When I was 15 years old, I had to complete a week of work experience as part of my school’s ‘student enrichment’ programme.
Initially, the prospect of doing work experience excited me.
I was eager to temporarily escape the classroom and enter into professional environment for the first time.
I envisioned myself working for the local news station or a cool hipster tech company where employees sat in bean bags instead of desk chairs.
However, my enthusiasm reduced significantly when I was placed at my local Garden Centre.
My supervisor at the Garden Centre was a guy called Alan who was relatively new to the world of work himself.
Alan was seventeen years old, had zero managerial experience and had absolutely no idea what to do with me.
After giving me some brief instructions, he handed me a t-shirt with the words ‘You Plant A Question, We’ll Grow You An Answer’ printed on the back and then made himself scarce.
I went to the bathroom, changed into the shirt and walked back out onto the shop floor.
Before long, customers that had previously been ignoring me started approaching me and asking me questions, clearly assuming that I was now a font of horticultural knowledge.
This wouldn’t have been so bad if I’d known a single thing about plants.
However, the sum total of my gardening knowledge came from an episode of The Teletubbies I’d seen as a kid where I’d watched a man tend to his allotment through the telly in LaLa’s stomach.
As a result, I was completely unprepared to answer any of the customer’s questions.
For the first three days of my work experience, I stood awkwardly on the shop floor, dishing out dubious horticultural advice to a series of confused and dissatisfied customers.
Eventually, on Thursday, one of the managers on shift took pity on me and took me off the shop floor.
She handed me a batch of Yankee Candles that had just been delivered and asked me to arrange them into a display.
After three days of talking to customers, I relished the opportunity to do something vaguely creative so I sat happily in my own little world, experimenting with different colour arrangements and taking the lids off the candles to smell the different scents inside.
However, after a couple of hours, I was approached by an old lady who had been browsing nearby. I braced myself, expecting her to ask me a question that I didn’t know the answer to.
I was relieved, therefore, when she asked me to help her retrieve a trowel from a high shelf. Finally, I thought. A task that is within my capabilities. I can actually be useful and help this old lady fulfill her trowel-based needs.
I picked up a step-ladder and placed it next to the shelf. However, as I climbed up the ladder, I suddenly felt a bit lightheaded.

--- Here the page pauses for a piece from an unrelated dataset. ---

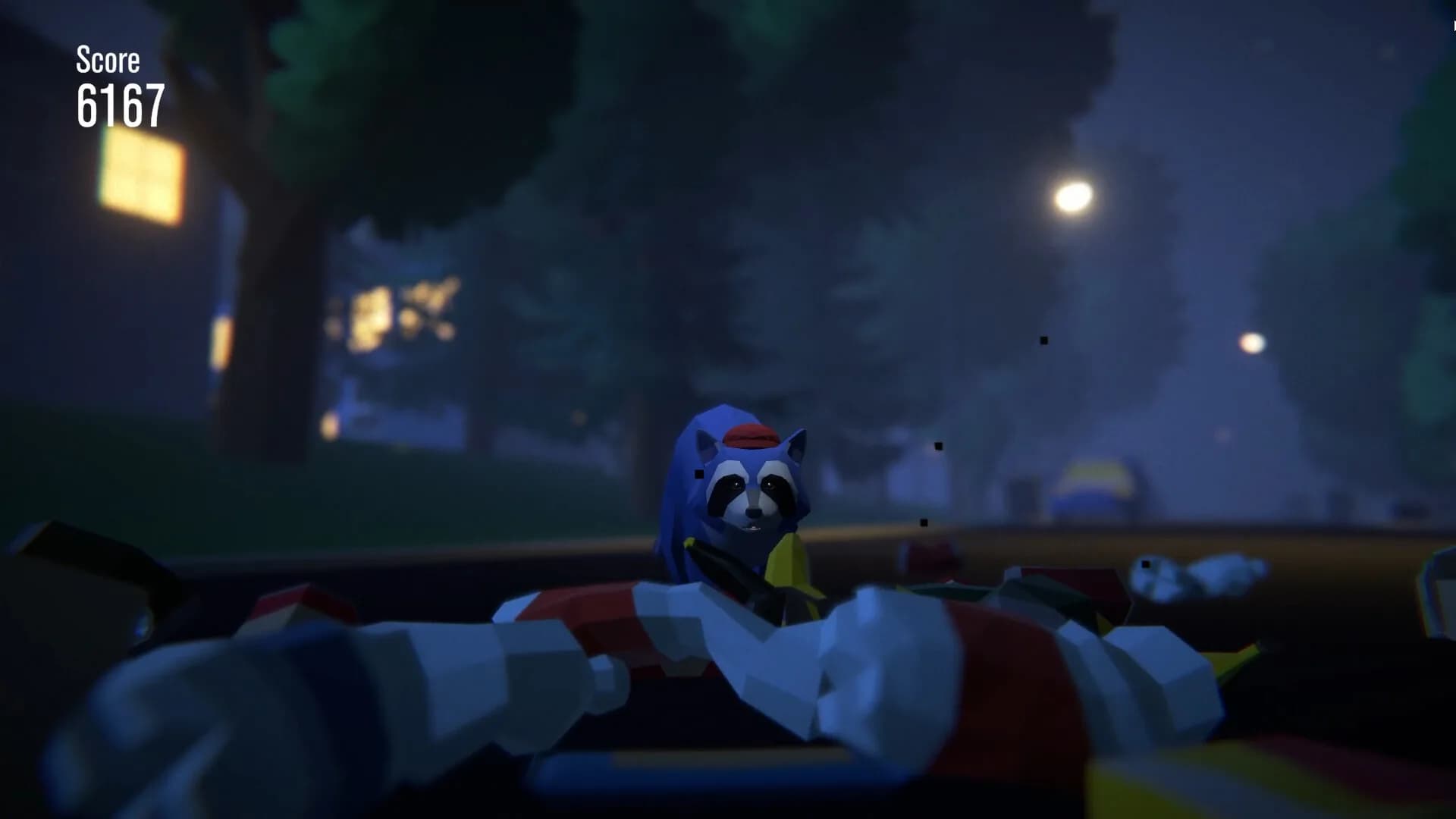 Trash Panda görsel 7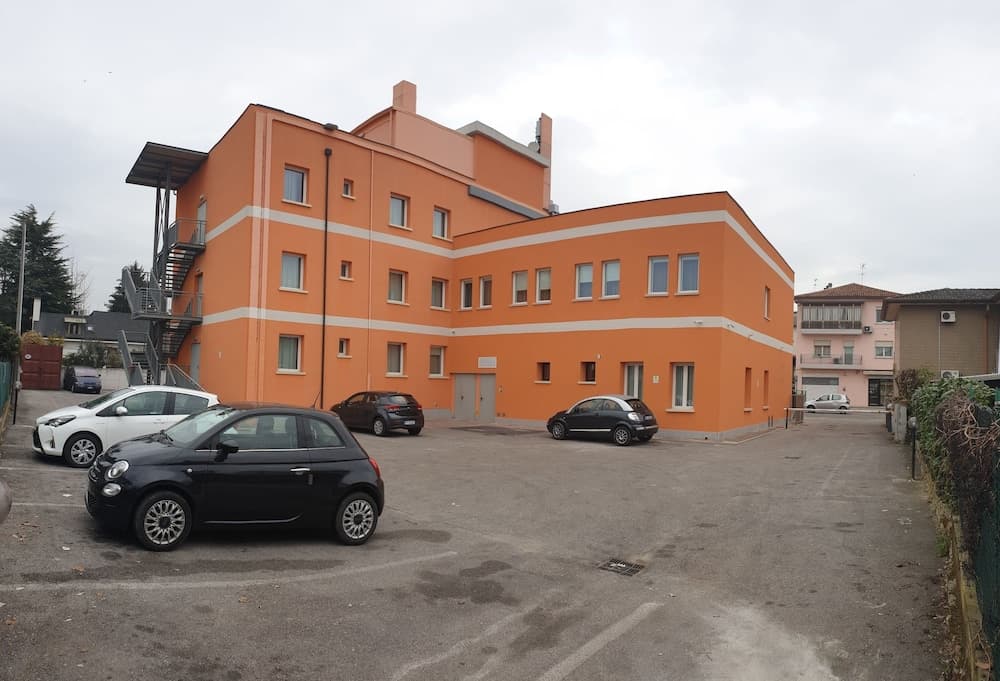 Hotel Altieri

All the candle sniffing had obviously gone to my head and I swayed slightly, causing the ladder to rock dangerously.
I waved my arms about, desperately attempting to restore my balance, but to no avail.
As a result, I tipped backwards and fell directly onto a nearby cactus.
To cut a long story short, I essentially flattened a cactus with my arse.
Just in case you have never fallen off a ladder onto a cactus before, let me tell you, it is a pretty painful experience.
After I had gotten over the initial shock of the impact, I tentatively raised myself to my feet and, for a few moments, stared blankly at the plant that I had obliterated with my butt cheeks.
I wasn’t sure what to do about the state of the cactus or, for that matter, my arse.
I remembered the adverts that I’d seen on TV offering compensation for people who had had an accident at work but I’d never seen one featuring someone falling onto a cactus. I wasn’t sure if it even counted as an ‘accident at work’ but I reckoned it would be worth looking into.
At the very least, I thought I should probably report the incident to my supervisor so I handed the trowel to the old lady and went looking for Alan.
When I found him, I was still slightly traumatised by the incident. My brain wasn’t functioning properly and I couldn’t think clearly about what I was saying.
As a result, I ran up to him and the words, ‘Alan, I’ve got some pricks in my bum!’ just fell out of my mouth.
Alan was, understandably, quite taken back.
Alan gasped and looked quite worried.
I was initially quite touched by this. I thought that maybe I had underestimated him as a manager. It seemed that he really cared about my wellbeing after all…
Despite my unfortunate encounter with the cactus (RIP), I managed to get through the rest of my work experience unscathed.
The following week, me and the rest of my year group returned to school where we were asked to write a reflection about our experience in the world of work.
Needless to say, mine turned out a bit different to most other peoples’.